Start of Input for this task
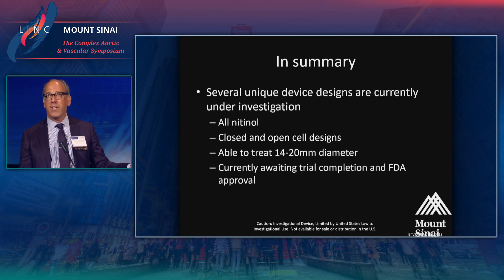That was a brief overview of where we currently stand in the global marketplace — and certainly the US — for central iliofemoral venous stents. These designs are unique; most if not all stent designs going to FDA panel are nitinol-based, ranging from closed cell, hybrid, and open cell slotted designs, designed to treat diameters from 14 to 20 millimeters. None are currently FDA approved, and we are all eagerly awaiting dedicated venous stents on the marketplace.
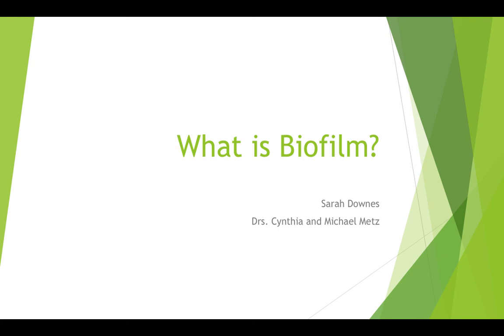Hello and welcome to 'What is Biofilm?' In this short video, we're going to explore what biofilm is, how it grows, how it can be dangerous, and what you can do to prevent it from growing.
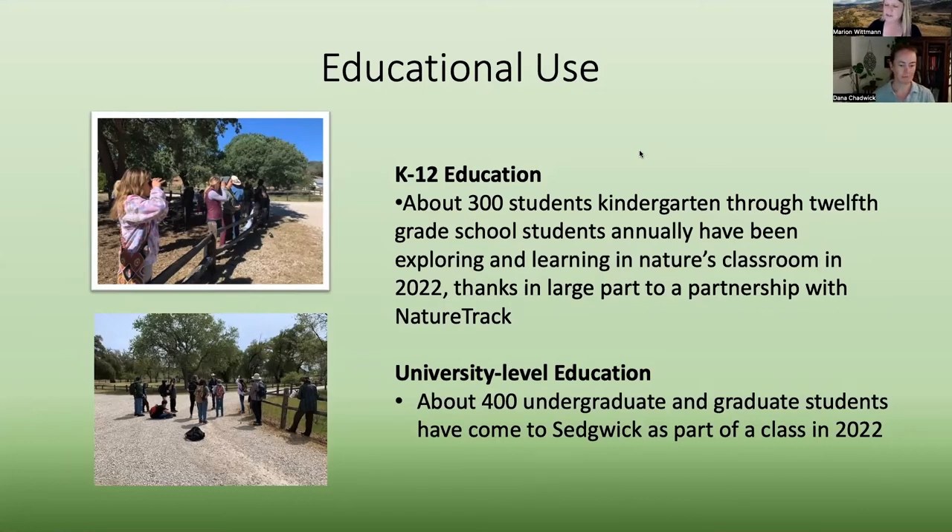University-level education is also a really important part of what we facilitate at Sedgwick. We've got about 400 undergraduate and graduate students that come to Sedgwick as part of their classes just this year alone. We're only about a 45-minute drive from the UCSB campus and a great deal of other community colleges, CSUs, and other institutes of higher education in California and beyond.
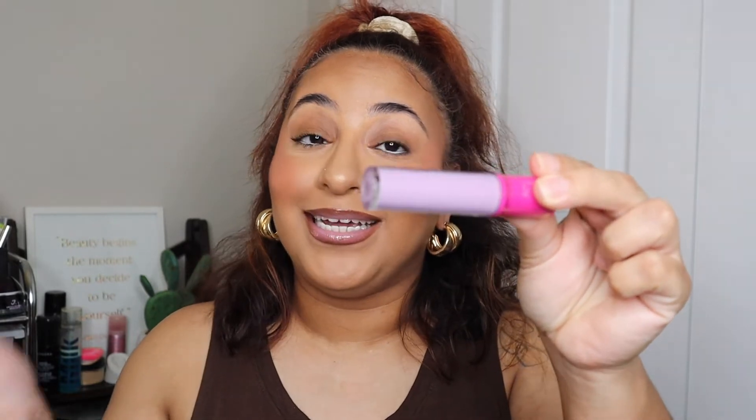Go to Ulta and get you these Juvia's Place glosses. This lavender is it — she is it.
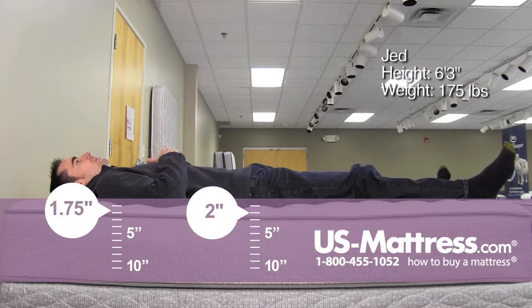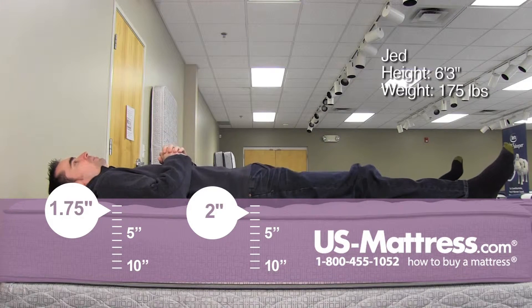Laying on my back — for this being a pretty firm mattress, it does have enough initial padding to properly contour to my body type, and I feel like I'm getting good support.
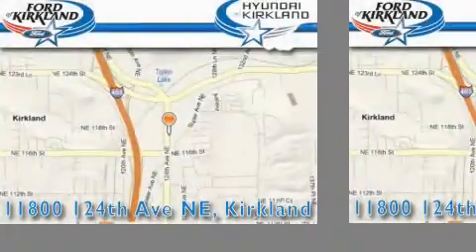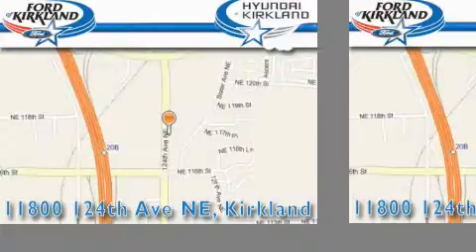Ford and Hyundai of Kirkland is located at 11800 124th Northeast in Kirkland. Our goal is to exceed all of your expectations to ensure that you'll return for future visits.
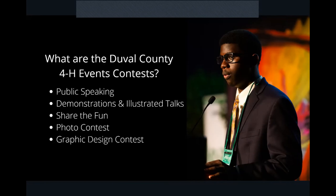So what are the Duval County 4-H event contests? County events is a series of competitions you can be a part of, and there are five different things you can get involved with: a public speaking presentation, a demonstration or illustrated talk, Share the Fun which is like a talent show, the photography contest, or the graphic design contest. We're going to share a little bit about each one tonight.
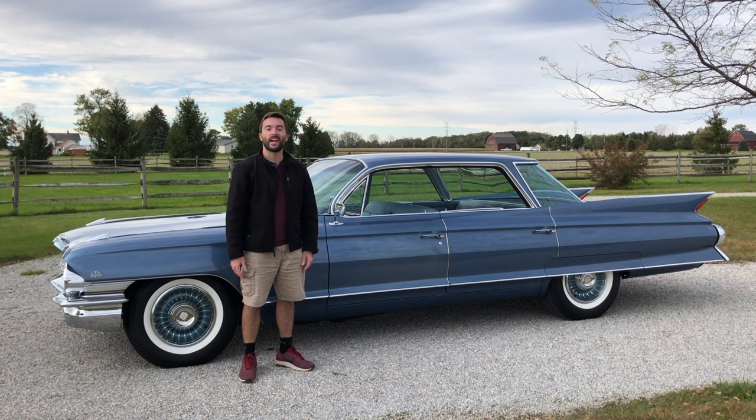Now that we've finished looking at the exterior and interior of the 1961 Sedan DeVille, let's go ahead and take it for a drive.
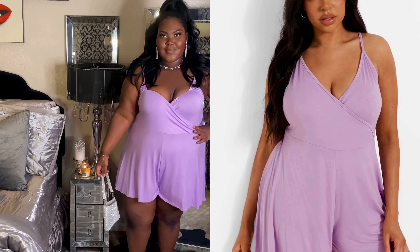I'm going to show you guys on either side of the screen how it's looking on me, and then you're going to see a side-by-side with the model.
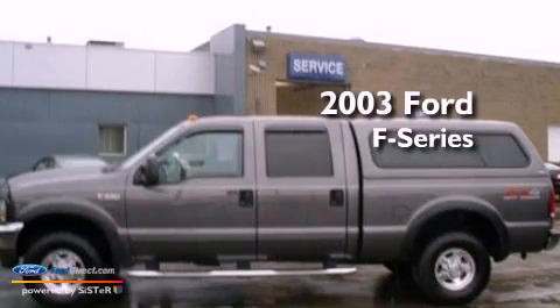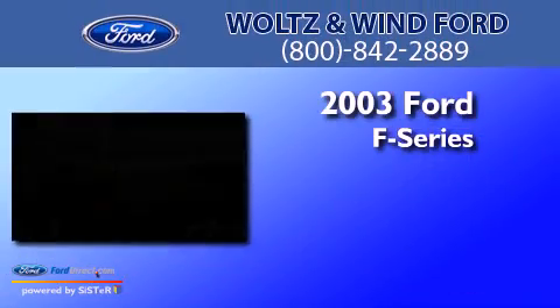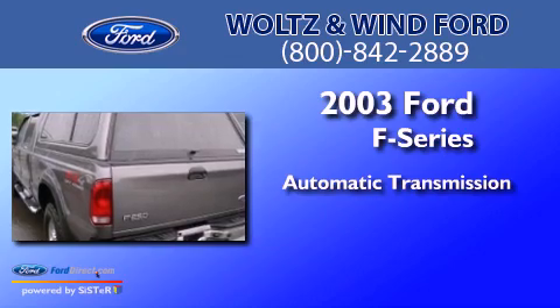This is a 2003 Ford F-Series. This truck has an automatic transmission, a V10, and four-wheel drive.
End of Input for this task
Start of Input for this task
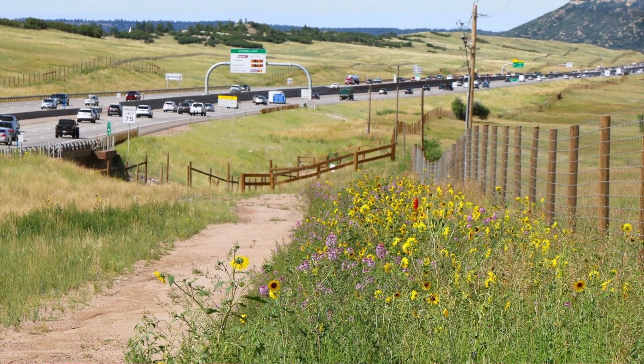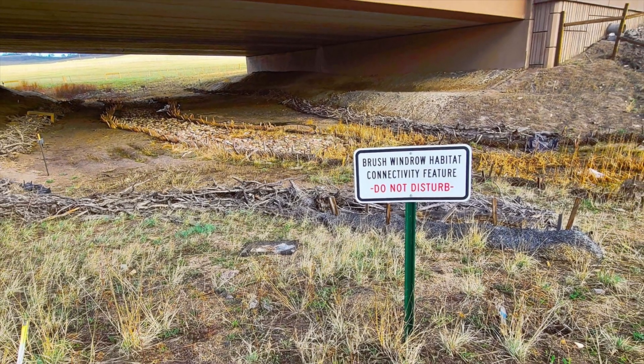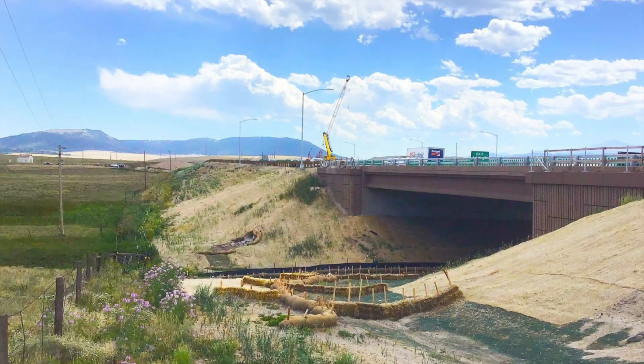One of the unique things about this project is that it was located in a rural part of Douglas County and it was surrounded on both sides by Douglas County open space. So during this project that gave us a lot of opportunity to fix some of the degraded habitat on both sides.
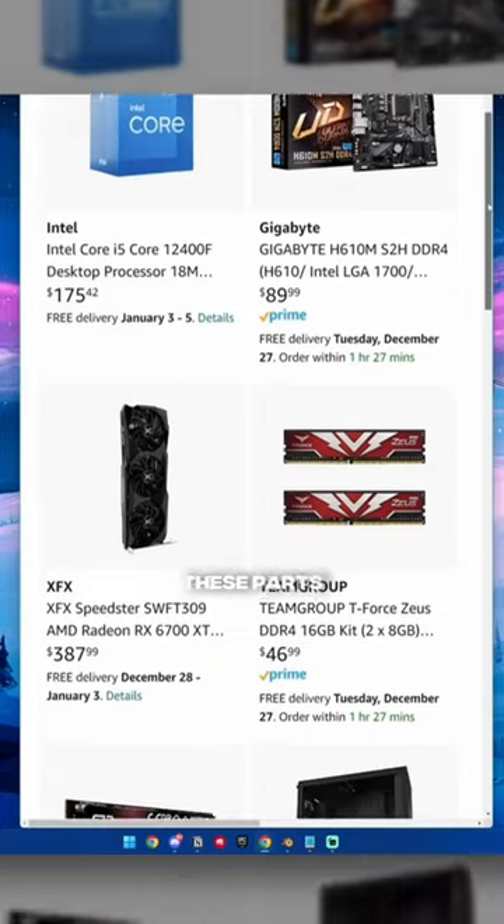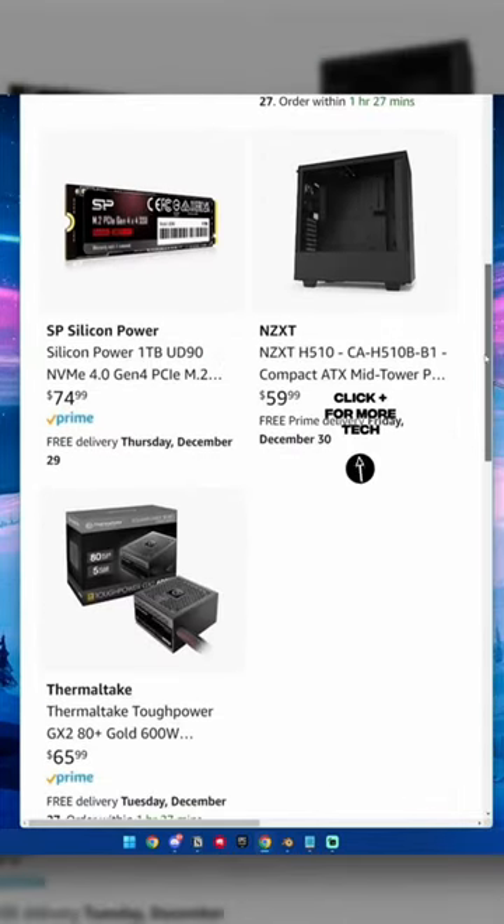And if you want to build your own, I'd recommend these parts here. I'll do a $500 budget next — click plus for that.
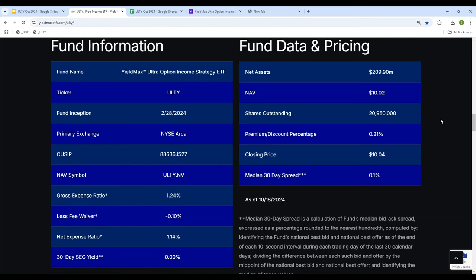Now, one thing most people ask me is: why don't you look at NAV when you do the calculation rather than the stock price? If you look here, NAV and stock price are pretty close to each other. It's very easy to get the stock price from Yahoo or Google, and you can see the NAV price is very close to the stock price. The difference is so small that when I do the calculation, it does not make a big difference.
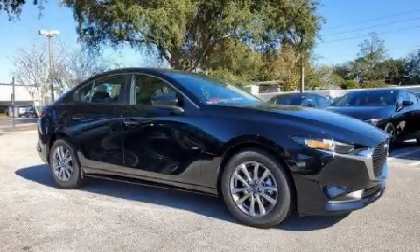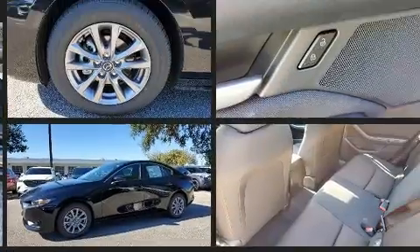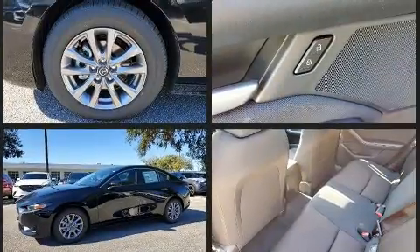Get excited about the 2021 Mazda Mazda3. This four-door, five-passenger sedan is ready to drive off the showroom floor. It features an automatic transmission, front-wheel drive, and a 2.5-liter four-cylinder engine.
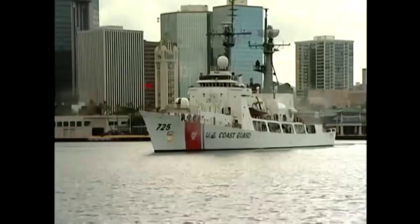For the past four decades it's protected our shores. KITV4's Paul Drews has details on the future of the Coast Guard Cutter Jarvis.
End of Input for this task
Start of Input for this task
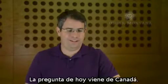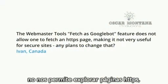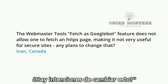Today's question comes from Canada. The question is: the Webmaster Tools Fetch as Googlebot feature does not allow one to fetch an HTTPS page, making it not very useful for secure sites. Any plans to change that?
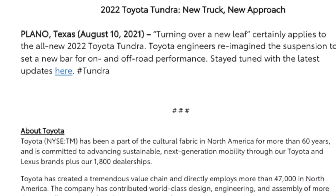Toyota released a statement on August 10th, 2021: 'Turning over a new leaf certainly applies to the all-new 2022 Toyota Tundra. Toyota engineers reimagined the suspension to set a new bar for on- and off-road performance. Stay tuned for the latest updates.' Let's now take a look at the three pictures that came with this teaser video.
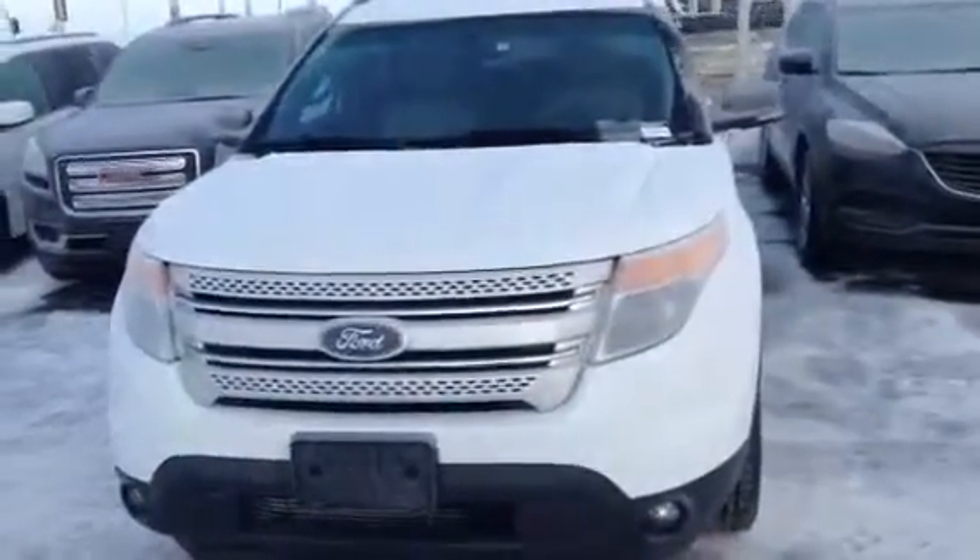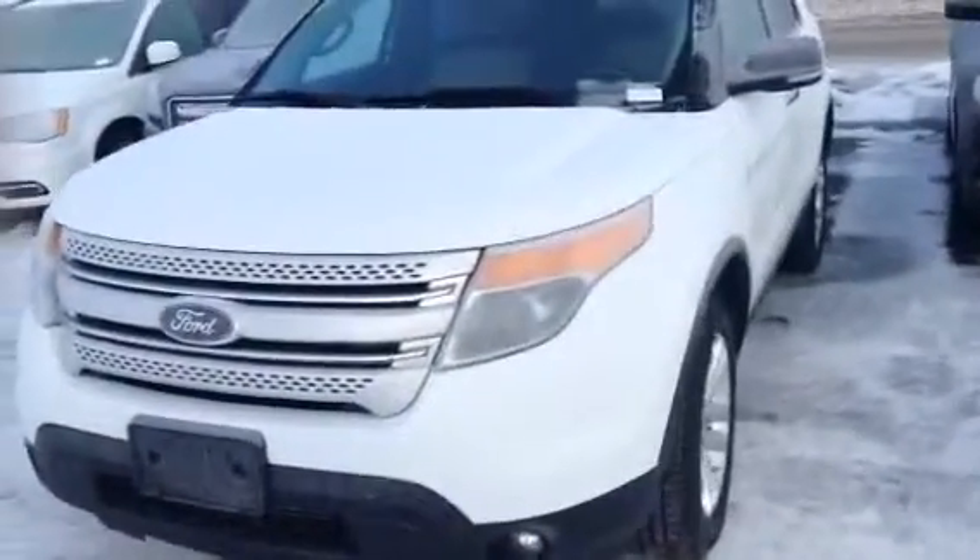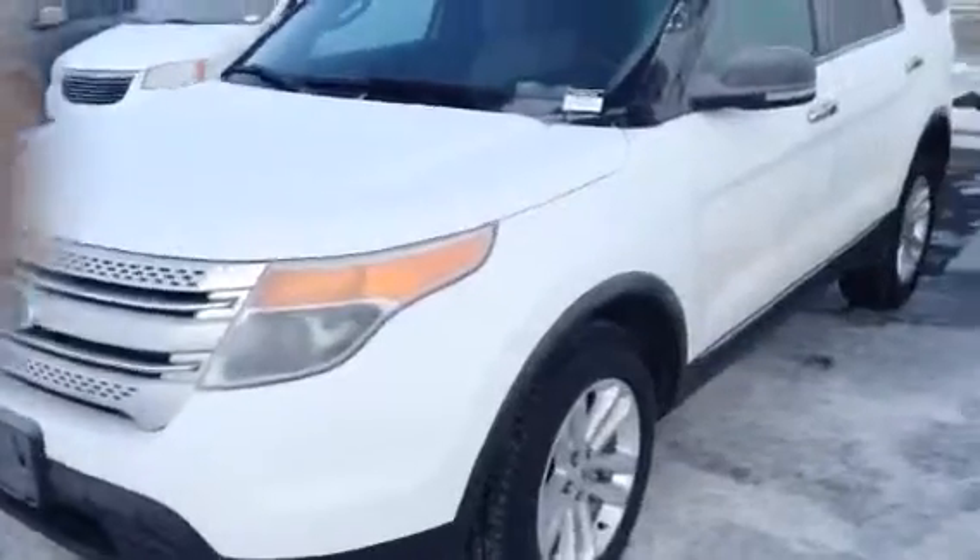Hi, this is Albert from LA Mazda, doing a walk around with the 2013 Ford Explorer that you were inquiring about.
End of Input for this task
| Required action |
Look above for the line with "I'm going to", then print it and each line after it down to and including the line with "This is a 2003". Leave out the pictures and keep the wording exact.

| Written solution |
I'm going to show you guys on either side of the screen how it's looking on me, and then you're going to see a side-by-side with the model.
This is a 2003 Ford F-Series. This truck has an automatic transmission, a V10, and four-wheel drive.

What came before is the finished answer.